» **Exercise brief**: Within the records below is a range that opens at the line with "Woman lying on grass and texting." and closes at the line with "London street Framed". Return that range word for word, both ends included, and only that range.

» **Data listing**:
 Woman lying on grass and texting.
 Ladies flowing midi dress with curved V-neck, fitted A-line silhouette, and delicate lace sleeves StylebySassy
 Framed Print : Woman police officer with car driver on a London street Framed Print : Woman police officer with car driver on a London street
---
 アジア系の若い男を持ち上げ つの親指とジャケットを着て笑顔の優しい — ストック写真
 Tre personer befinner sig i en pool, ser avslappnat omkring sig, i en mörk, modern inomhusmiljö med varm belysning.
...
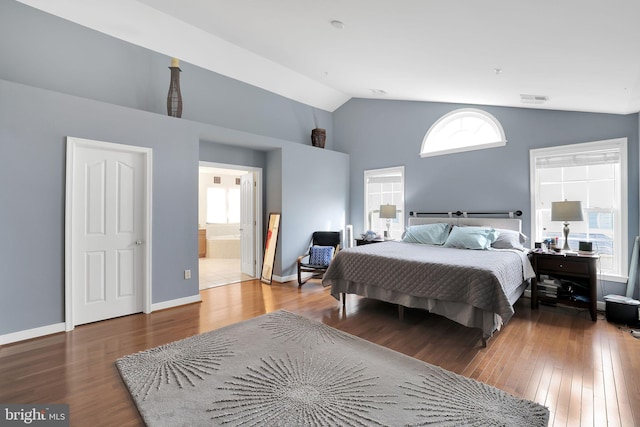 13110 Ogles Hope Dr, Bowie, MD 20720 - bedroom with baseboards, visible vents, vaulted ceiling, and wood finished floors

» **Written reply**:
 Woman lying on grass and texting.
 Ladies flowing midi dress with curved V-neck, fitted A-line silhouette, and delicate lace sleeves StylebySassy
 Framed Print : Woman police officer with car driver on a London street Framed Print : Woman police officer with car driver on a London street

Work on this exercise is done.